JASON Gillespie it is then as Glamorgan's overseas player for next season. I'm pretty happy about that, not ecstatic (Brett Lee might evoke such emotion but that's not realistic) but far, far from unhappy either.

The 32-year-old Gillespie is clearly past his best but it was some best (he had 259 Test wickets at 26) and that does not mean that he cannot bring much to Glamorgan.

Their batsmen will certainly know that Gillespie can still bowl. They only have to cast their minds back to a NatWest Pro40 match at Cardiff last August.

On an admittedly helpful pitch Gillespie showed his true class by recording figures of 7-3-8-1. I reminded skipper David Hemp of that match this week. His reply cannot be printed in this family newspaper, but fear not, amidst the unprintables, was wholesome praise.

Gillespie can be a true role model to Glamorgan's bowlers. He is fine bloke (he spent some time in some Cardiff bars with a couple of us when his mentor Jeff Hammond was coach) and a cricketer who works hard at his game.

As I have said many times in this column, Glamorgan lack experience and he can certainly bring that. He has even got a Test match double century. It was against Bangladesh, mind, but I doubt he will be too eager to tell any of his new team-mates that!

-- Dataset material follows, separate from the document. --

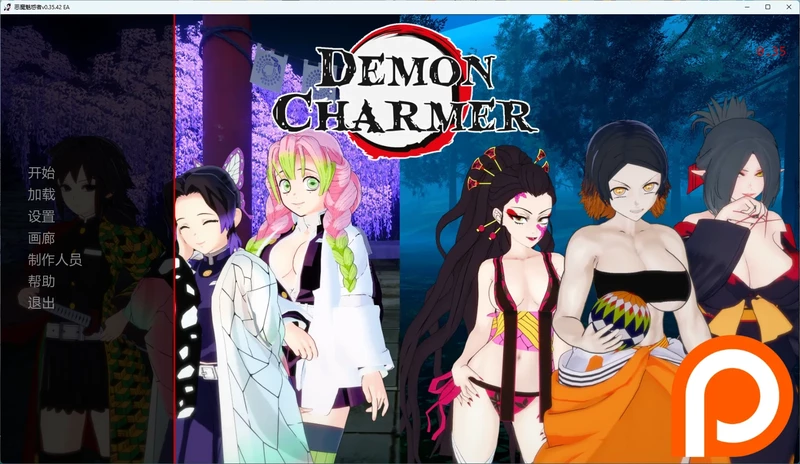 安卓+电脑【日系SLG/动态/沙盒】恶魔魅惑者 v0.35.42步-大壮社区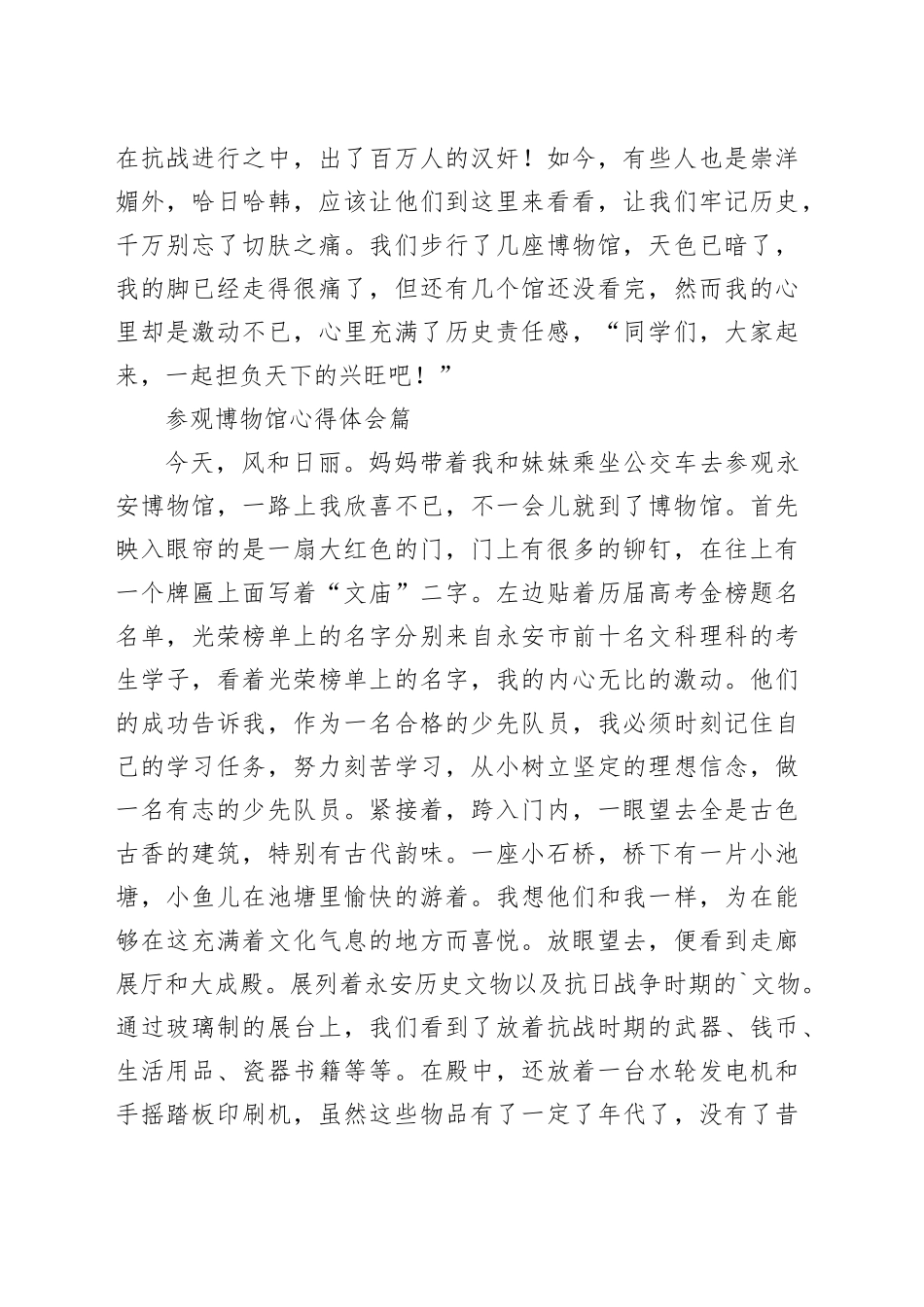 （40篇）参观博物馆心得体会_第2页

If there is a slight worry it is that he did not take as many first class wickets for Yorkshire last season as he would have liked. In fact he only took 23 wickets at nearly 35 but that was in the first division. He has taken 7-58 for South Australia against Western Australia in the Pura Cup this winter.

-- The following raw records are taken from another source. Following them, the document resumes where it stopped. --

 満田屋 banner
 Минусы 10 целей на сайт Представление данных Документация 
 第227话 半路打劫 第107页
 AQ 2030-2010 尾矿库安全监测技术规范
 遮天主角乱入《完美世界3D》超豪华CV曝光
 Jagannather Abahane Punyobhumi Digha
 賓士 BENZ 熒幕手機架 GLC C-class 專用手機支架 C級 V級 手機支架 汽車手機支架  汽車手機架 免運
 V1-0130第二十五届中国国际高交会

I'm told this will be Glam's final signing of the winter. It's a shame Gillespie's team mate Matthew Elliott cannot come as well, as a Kolpak. But finances will not allow apparently. And anyway there still has not been confirmation that Australians can count as Kolpaks.

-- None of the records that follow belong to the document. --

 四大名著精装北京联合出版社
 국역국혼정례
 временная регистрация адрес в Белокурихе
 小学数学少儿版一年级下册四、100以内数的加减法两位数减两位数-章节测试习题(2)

And that is no bad thing in my opinion. We've got too many already, but anyone who reads my stuff regularly will know how strongly I feel about that particular issue.

But the good thing is that Glamorgan now look so much stronger. With no twinges in his back David Harrison has begun bowling in the nets and Mike Powell is training and practising hard without any reaction in the arm which caused such terrible problems last summer. We all too easily forget how much those two were missed last season.

They are two fine domestic cricketers. Add on Jamie Dalrymple and Matthew Wood, as well as Gillespie (the other new signing, Adam Shantry, will only be a back up bowler surely), and Glamorgan will be a very different proposition next season. It will not be all doom and gloom, believe me.

Turning to the international game it has been fascinating to watch what has happened to England cricket's hierarchy since the Ashes debacle last winter resulted in the commissioning of the Schofield Report. It's been damn confusing as well, though.

There have been so many appointments I have not the faintest idea who is doing what. Everyone seems to have a job of some sort. From nowhere Mike Gatting got a post. Don't ask me what.

And the icing on the cake came last week when David Graveney was appointed as something called the performance manager. He was sacked as chairman of selectors but was still found a job.

Maybe the England and Wales Cricket Board felt some sympathy for him. After all he was in charge of selection for eleven years without being properly paid for it. The expenses weren't bad apparently, but now there is £80,000 a year on offer he's been sacked.

I actually think £80,000 isn't enough. I know it sounds an awful lot but if I tell you some of the top Sky TV commentators are probably on three, four maybe even five times that amount then you will realise that you are not going to get top-notch applicants for the post.

Not that Geoff Miller is a bad choice. I actually think that he is a good choice. But is he the best choice? It was the same question that should have been asked when Peter Mores was appointed coach. Then the job was not advertised. There were not even any interviews.

There were, however, interviews for the selection jobs last week and Ashley Giles and James Whitaker have been chosen as Miller's part-time assistants.

Giles is a sound option but my worry is that he has only just been appointed as Warwickshire's director of cricket. That is a big enough task on its own.

Presumably Giles will only be able to comment on second division players as that is where Warwickshire are next season- and watch everyone take their game up a notch against the Bears now.

Whitaker will have to watch the first division stuff. If I'm honest, I'm not sure what to make of his elevation. I'm not massively for or against.

What I do know is that there have been that many new appointments so that, if England do lose the Ashes in 2009, we will have no idea whatsoever who to blame. Clever that.